President Obama is under the impression that history owes him $1 trillion right now to spend on whatever he wants. His language is strident and full of irritation that anyone would question his right to live out his personal dream of being Franklin Roosevelt to George Bush’s Hoover. This, he says, is what the election was all about.
The arrogance reminds me of George Bush after 9-11, who similarly believed that history owed him a gargantuan war in the tradition of FDR. And look how that arrogance led to disgrace and loss, as he unwittingly presided over the destruction of American prosperity while searching for bugbears abroad.
It just goes to show you that the presidency is something like a drug. It makes people lose all connection to reality. Part of the reality that Obama needs to recognize is that the New Deal was a calamity far worse than the initial market downturn that began it. He needs to stop basing his policies on dumbed-down civics texts versions of events and consider the economic logic.
With his rhetoric and policies, he has decided to demonize private enterprise, just as FDR did, as a way to present government as the great savior. Now, think about this. If there is a way out of the recession, it will have to be provided by private enterprise. It will come by new businesses, business expansions, entrepreneurship, new technology, and this will be the source of lasting jobs and prosperity.
You cannot make a country rich by looting taxpayers and paying people to pound nails into siding at public schools! These activities amount to capital consumption. They are not sources of investment. You can say that they are stupid tasks or wonderful tasks, but it is not a matter of ideology as to whether such public projects will make us all wealthier. They will not. They drain the sources of wealth from society. They represent a cost, not a blessing.
That was also true of Bush’s dumb stimulus program. He was only bailing out his friends at our expense. The effect was to give a little longer life to institutions that were failing anyway. It’s pathetic that the Republicans ever went along with it. You will notice that the scheme didn’t actually work.
Well, Obama is doing the same thing, though rewarding a different set of friends. This is not wealth production. This is wealth consumption. Do enough of this nonsense and you can destroy the livelihoods of an entire generation.
Americans are proud of their system of government, but consider what it has given us this time around. We had an outgoing president who thought it was his right to grab as much as he could while leaving. Now we have a new president who thinks that the election entitled him to grab as much as he can, right from the beginning. We get looted by the state coming and going. It all amounts to one massive war on prosperity and freedom.
Particularly culpable here are the official historians who have for generations heralded FDR as the great savior. It is a case study in how a civic lie can appear and fester for decades. The fact is that the New Deal did not work. It prolonged what might have been a troubling two-year downturn into a horrifying blow to world prosperity that ended up in a war that killed countless millions. It was one of the greatest acts of wreckage in world history.

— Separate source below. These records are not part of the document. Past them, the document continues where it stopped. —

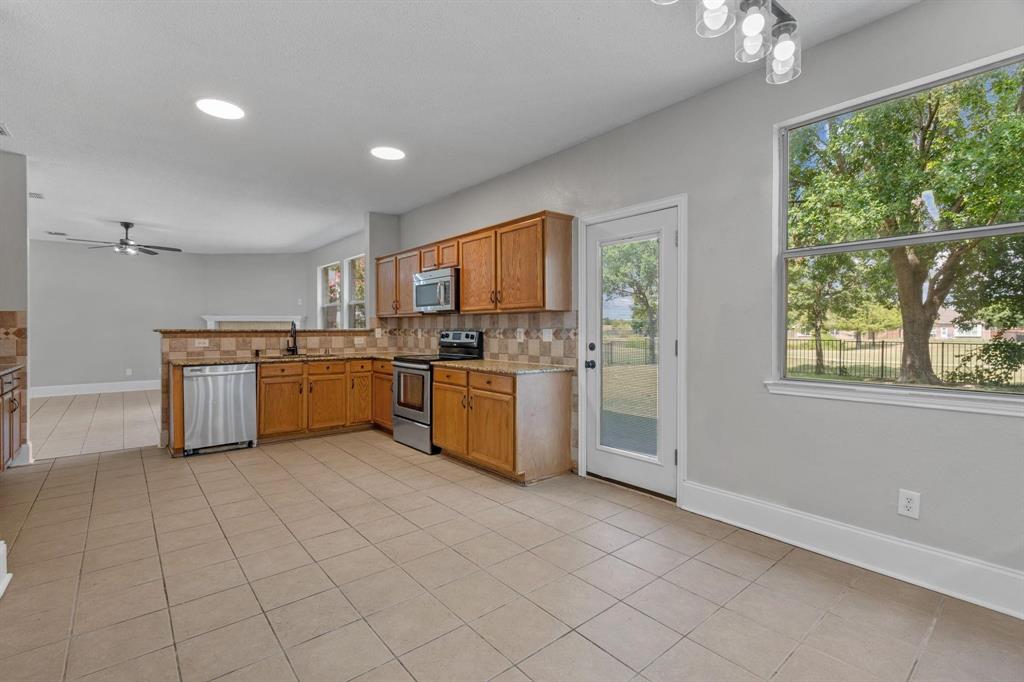 10618 Newcastleton Lane Rowlett, TX 75089 - Photo 3 of 13 a kitchen with stainless steel appliances granite countertop a stove a sink dishwasher and a refrigerator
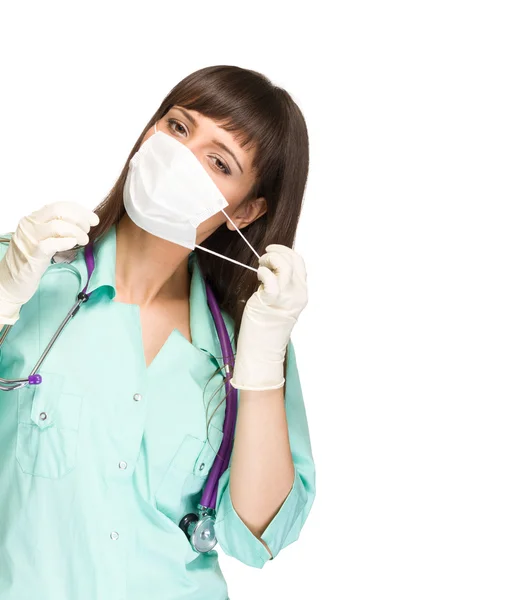 Medico medico donna togliersi la maschera — Foto Stock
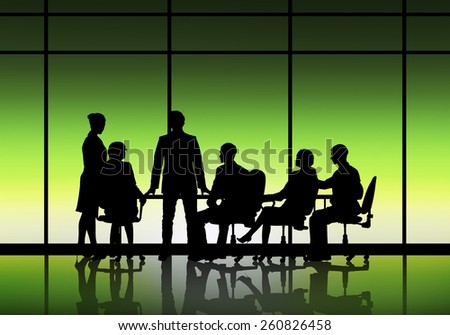 Silhouttes of business people as team sitting round table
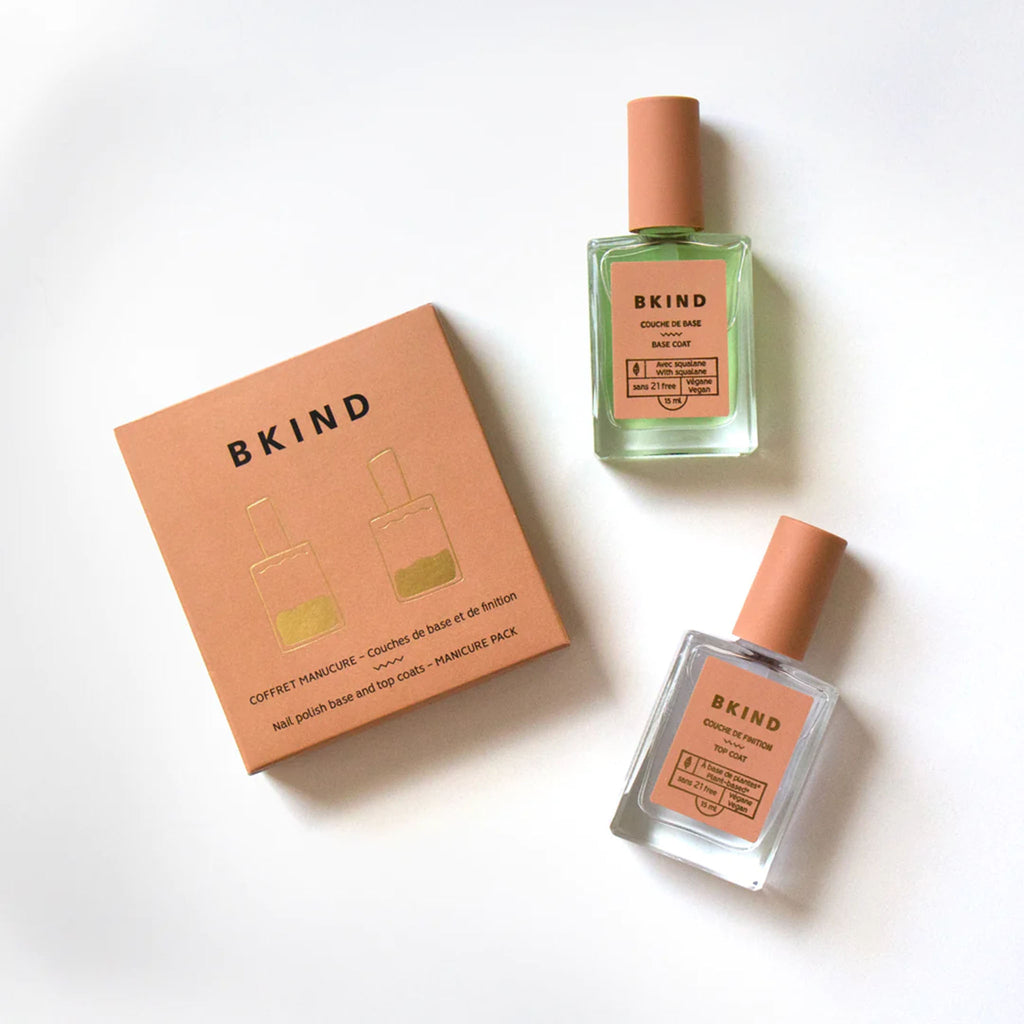 BKIND manicure set box with base coat and top coat bottles on a white background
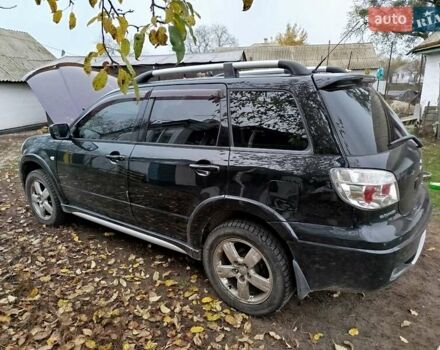 Чорний Міцубісі Аутлендер, об'ємом двигуна 2.38 л та пробігом 149 тис. км за 8800 $, фото 2 на Automoto.ua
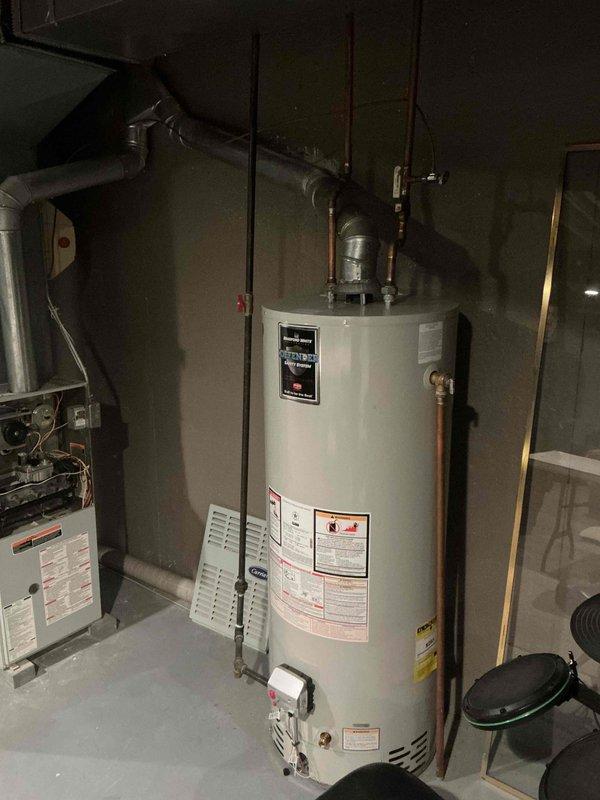 Conducted air conditioner replacement estimate for a 20-year-old existing system. Inspected current HVAC equipment in basement utility area, including furnace unit with exposed access panel and ductwork configuration. Documented existing mechanical room setup, noting water heater previously installed, and assessed space requirements for new AC system installation.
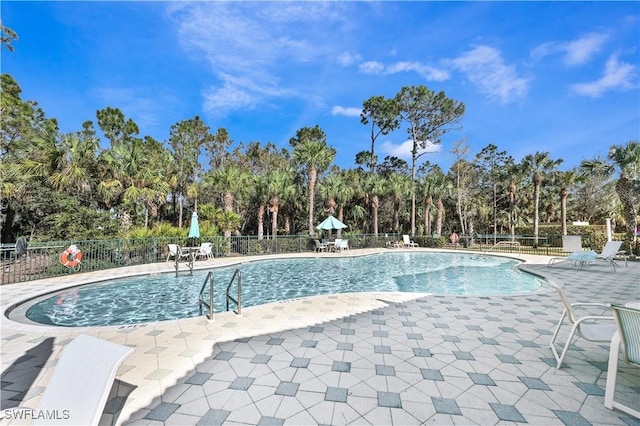 community pool featuring a patio and fence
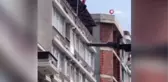 5 katlı binanın çatısında intihar girişiminde bulunan kadın polis tarafından kurtarıldı
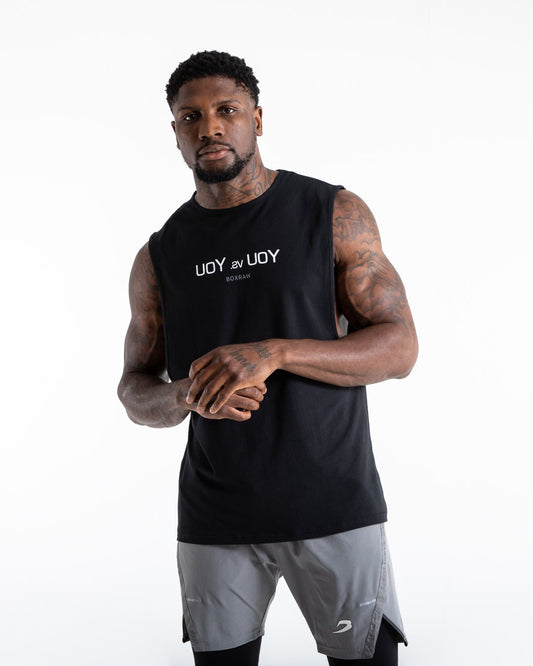 Man in black slim fit cotton muscle tank with reversed you vs you text in white on chest.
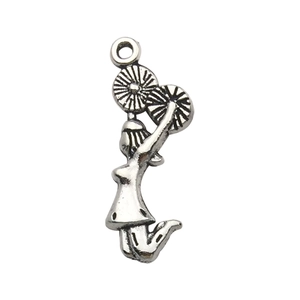 Detail of antique silver cheerleader charm pendant with textured vintage metal finish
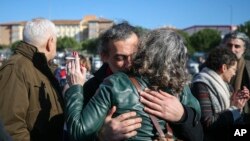 Family members, friends celebrate after a court acquitted 9 leading Turkish civil society activists, including Osman Kavala, an entrepreneur known for philanthropy who has been jailed for more than two years, in Silivri, outside Istanbul, Feb. 18, 2020. 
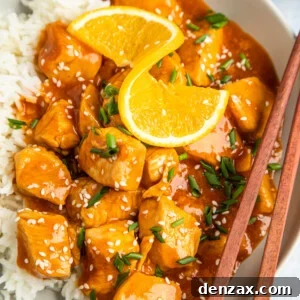 Overhead shot of orange chickn on a plate, garnished with an orange twist.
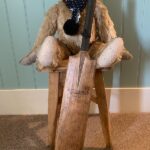 Bertie sat on a tall stook with a cricket bat in front of him.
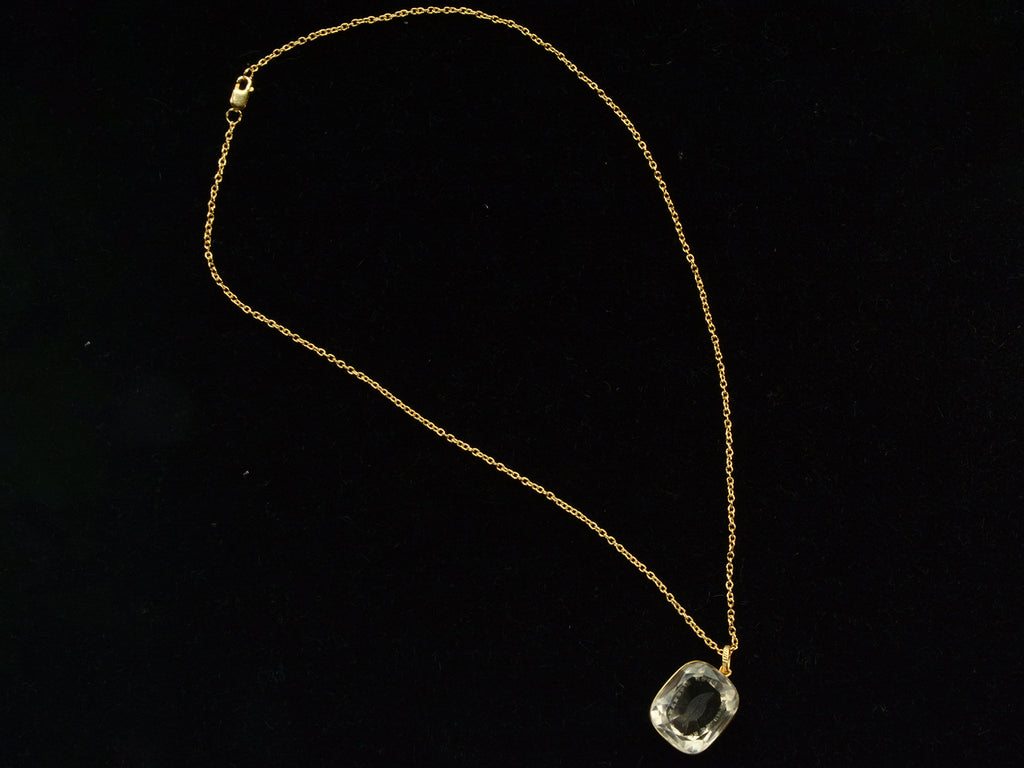 A c1820 Georgian era gold and crystal intaglio pendant and chain. Shown on black background.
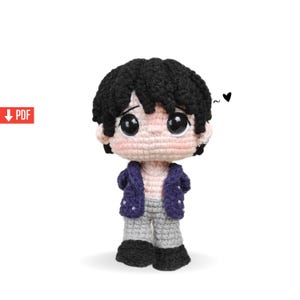Puede incluir: Muñeca de ganchillo hecha a mano con cabello negro, ojos negros grandes y rostro rosa claro. La muñeca viste una chaqueta azul, pantalones grises y zapatos negros. Un pequeño corazón negro está dibujado encima de la cabeza de la muñeca.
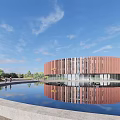 Modern Round Museum Building With Red Facade Waterfront Path And Cyclist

And Obama is inspired by this? He wants to repeat it?
I’m not so cynical about human affairs that I believe that errors must be endlessly repeated. Obama can put a stop to his madness. He needs to know — someone must tell him frankly and openly — that his current path is going to lead not to recovery, but to an extension of suffering, and untold amounts of it.
The biggest threat facing the American economy right now is rarely even discussed. It is the massive buildup of paper bank reserves in the last quarter of 2008. This was Bush’s doing. He ordered the Fed to print like mad. Fortunately for us, the banks are still holding on to these reserves. When they start lending again, the result could be hyperinflation of Confederate-dollar proportions.
Hence the priority of the Obama administration should be to first do no evil, and second to find some means for withdrawing those reserves from the banking system before they wash through the economic structure and destroy the dollar. There is still time. He must act. Yes, that will lead to bank failures. That’s good! It will lead to business failures. That’s good and essential too.
There simply is no choice. If he acts now, he could find that recovery will come before his second term. This is precisely what happened with Reagan. He was fortunate to have advisers who insisted that he let the liquidation happen rather than attempt to fix the recession of 1981–82 with huge new government spending programs.
In any case, the hardest work to do here is intellectual. Obama’s head is filled with myths and lies, not only about FDR and the New Deal but also about the government’s power to repair the existing economic problems. With this model in his head, he can only do evil. This must change.
Nothing is inevitable. He can turn on a dime. The main message: do not repeat the actions of FDR, lest you destroy what is left of American liberty and prosperity.